Historically, captive growth has occurred during periods of rising commercial insurance pricing as buyers retain more risk. However, even as rate increases began to slow for certain lines of business and regions, captives continued to grow — a trend Marsh foresees continuing.

Captive insurance market: Interest in non-traditional lines continues to grow

Traditional property and casualty coverages continue to lead in the captive space, accounting for the largest segment of captive premium at 36%. Other coverages that Marsh-managed captives fund are: 

  • Life insurance: 30%
  • Employee benefits: 19%
  • Financial lines: 15%

Interest in non-traditional lines of captive insurance coverage also continues to grow. On the employee benefit side, medical stop-loss premiums in captives were up 32%, while in voluntary benefits it increased 39%. On the casualty side, directors and officers (D&O) liability increased 100%. And as the commercial cyber insurance market remained challenging, cyber premiums in captives have risen 57%, and notably the number of Marsh-managed captives writing cyber has increased by more than 75%.

Casualty coverage, long a backbone of captives, is also undergoing an evolution. Many captive owners want to know how to become smarter about what they are financing. There has been a lot of growth in the casualty space, with workers’ compensation remaining the biggest segment. The challenging market has caused some captive owners to ask how they can change their approach to get different results from the past.

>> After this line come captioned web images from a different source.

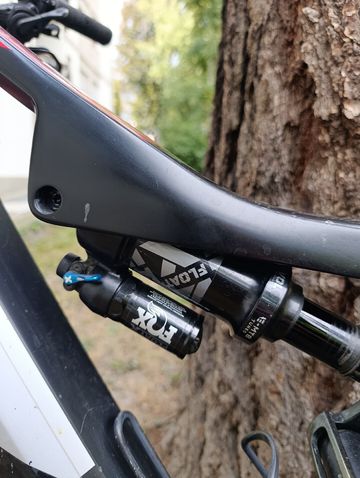 Used Whistle B-Rush Shimano SLX 2025 Mountainbike, Red — image 4 of 8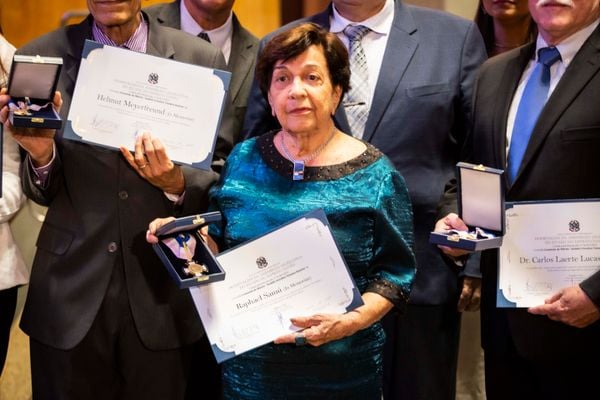 A entrega da Comenda de Mérito Legislativo Gedelti Victalino Teixeira Gueiros foi marcada por um sentimento de gratidão e momentos de emoção
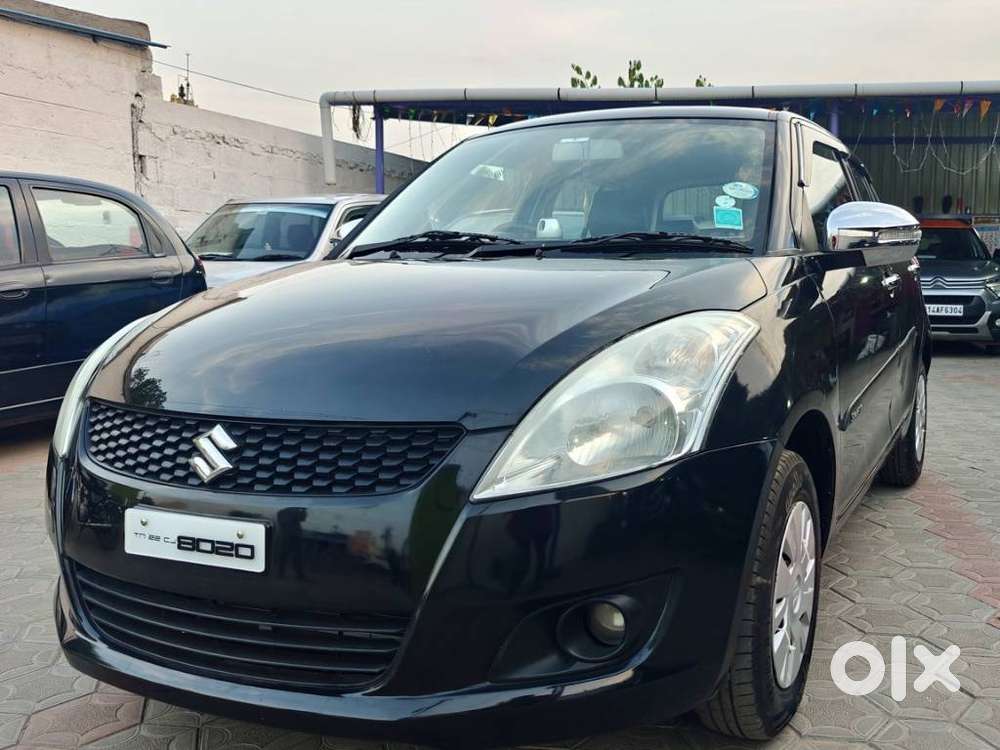 Maruti Suzuki Swift Vxi + Manual, 2013, Petrol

This is manifesting in such things as tie-ins to employee benefits, collaboration with HR, and growth and expansion of the captive footprint.

Third-party business had historically represented a small fraction of captive premium, but is now 27% of Marsh-managed captive premium. More captive owners are interested in capturing underwriting profit and investment income on cash flow associated with insuring third-party risks. In addition to diversifying the captive’s risk portfolio, third-party coverages — such as pet insurance, umbrella liability, automobile, and extended warranties — can enhance a captive’s profitability.

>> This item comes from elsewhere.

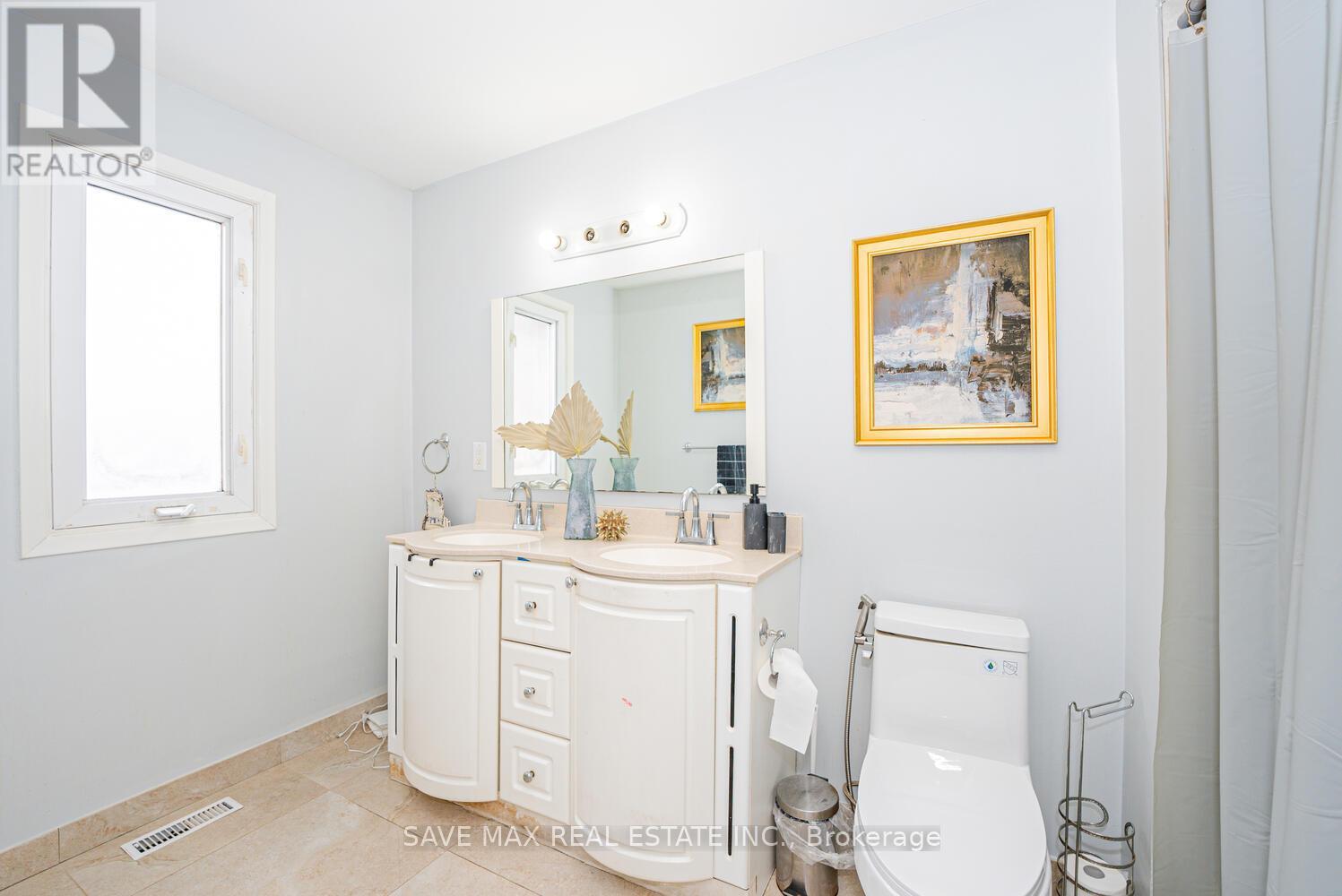 3446 Bertrand Road, Mississauga, Ontario  L5L 4G4 - Photo 25 - W12173296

Putting such a diverse set of risk categories into the captive helps to spread volatility across multiple coverage lines, and can lower volatility in the captive itself.

Cell captives multiplying

Captives come in several forms, including single-parent captives, group captives, and protected cells, which is one of the fastest-growing forms. Cells are variously known as protected cell companies (PCCs), segregated portfolio companies (SPCs), segregated account companies (SACs), or incorporated cell companies (ICCs). Their names may vary from domicile to domicile, but their structure is similar in that each cell is individually capitalised and separated from other cells — and often referred to as a rent-a-captive.

1 in 4 of our new formations are protected cell captives, with advantages such as:

  • Up to 50% lower operating costs, compared to a single-parent captive.
  • Set-up time can be as short as a few days, rather than months.
  • Established infrastructure of service providers.
  • Potential to achieve same financial advantages as a single-parent captive.